▶ **Exercise**
Every line containing the string "style" should be returned from the records.

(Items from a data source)
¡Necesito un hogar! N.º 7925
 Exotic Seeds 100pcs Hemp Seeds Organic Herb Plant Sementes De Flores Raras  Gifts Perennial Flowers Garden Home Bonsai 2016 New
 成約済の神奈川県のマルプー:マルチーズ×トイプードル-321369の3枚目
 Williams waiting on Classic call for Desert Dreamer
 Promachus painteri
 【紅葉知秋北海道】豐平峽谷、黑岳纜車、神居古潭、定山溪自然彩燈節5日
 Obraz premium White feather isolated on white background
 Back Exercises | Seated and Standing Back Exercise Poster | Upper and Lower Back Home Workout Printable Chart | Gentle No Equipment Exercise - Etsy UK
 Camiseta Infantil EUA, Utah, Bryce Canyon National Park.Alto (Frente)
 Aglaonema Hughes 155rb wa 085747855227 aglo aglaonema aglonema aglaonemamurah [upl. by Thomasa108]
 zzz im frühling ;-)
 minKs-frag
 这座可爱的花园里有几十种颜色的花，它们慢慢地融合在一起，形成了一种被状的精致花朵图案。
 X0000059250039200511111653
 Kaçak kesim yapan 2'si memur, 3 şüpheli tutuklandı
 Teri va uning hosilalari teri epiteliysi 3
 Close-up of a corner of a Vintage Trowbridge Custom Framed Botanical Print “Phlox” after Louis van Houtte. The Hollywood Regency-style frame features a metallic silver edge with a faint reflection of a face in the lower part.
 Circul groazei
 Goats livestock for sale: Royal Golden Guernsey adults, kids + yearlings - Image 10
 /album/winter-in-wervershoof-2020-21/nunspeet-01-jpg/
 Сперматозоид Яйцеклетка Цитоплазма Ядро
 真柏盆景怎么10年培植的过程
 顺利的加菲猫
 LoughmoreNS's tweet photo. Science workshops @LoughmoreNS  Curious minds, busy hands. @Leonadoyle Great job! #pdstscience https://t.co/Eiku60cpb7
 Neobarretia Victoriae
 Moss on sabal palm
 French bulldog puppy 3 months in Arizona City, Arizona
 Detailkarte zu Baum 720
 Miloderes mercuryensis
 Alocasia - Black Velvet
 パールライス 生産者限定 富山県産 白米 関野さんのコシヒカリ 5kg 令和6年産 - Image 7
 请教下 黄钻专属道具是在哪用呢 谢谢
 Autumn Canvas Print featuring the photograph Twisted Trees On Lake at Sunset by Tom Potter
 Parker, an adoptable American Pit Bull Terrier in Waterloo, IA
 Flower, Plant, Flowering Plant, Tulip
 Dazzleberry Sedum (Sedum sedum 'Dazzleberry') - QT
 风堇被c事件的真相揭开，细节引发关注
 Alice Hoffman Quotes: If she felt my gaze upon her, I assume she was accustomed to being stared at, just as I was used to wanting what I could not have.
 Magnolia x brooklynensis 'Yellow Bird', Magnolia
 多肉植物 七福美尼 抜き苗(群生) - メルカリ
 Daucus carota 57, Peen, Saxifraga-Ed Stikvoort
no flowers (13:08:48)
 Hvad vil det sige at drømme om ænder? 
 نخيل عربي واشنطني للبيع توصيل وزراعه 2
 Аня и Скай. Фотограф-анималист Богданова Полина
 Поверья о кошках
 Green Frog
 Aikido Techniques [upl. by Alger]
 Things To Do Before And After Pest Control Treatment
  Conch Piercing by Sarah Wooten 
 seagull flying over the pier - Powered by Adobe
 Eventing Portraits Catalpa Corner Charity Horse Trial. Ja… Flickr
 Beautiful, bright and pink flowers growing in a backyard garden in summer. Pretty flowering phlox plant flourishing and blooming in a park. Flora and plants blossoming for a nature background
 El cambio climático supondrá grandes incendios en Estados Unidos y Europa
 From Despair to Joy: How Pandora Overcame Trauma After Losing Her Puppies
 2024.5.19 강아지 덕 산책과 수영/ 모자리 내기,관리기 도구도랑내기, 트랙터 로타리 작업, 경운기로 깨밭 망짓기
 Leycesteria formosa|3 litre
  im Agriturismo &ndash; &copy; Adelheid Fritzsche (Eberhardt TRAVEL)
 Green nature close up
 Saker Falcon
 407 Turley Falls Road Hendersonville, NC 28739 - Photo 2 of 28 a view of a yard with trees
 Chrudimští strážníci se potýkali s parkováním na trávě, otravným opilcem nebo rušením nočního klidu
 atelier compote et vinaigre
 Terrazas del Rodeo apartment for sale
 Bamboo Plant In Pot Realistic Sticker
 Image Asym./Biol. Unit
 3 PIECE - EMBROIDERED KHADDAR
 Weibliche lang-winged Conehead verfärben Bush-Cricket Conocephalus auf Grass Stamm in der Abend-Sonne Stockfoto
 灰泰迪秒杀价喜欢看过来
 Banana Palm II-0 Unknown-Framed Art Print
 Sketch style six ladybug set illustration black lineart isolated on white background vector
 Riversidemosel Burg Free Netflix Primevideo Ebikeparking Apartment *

▶ **Written solution**
 Close-up of a corner of a Vintage Trowbridge Custom Framed Botanical Print “Phlox” after Louis van Houtte. The Hollywood Regency-style frame features a metallic silver edge with a faint reflection of a face in the lower part.
 Sketch style six ladybug set illustration black lineart isolated on white background vector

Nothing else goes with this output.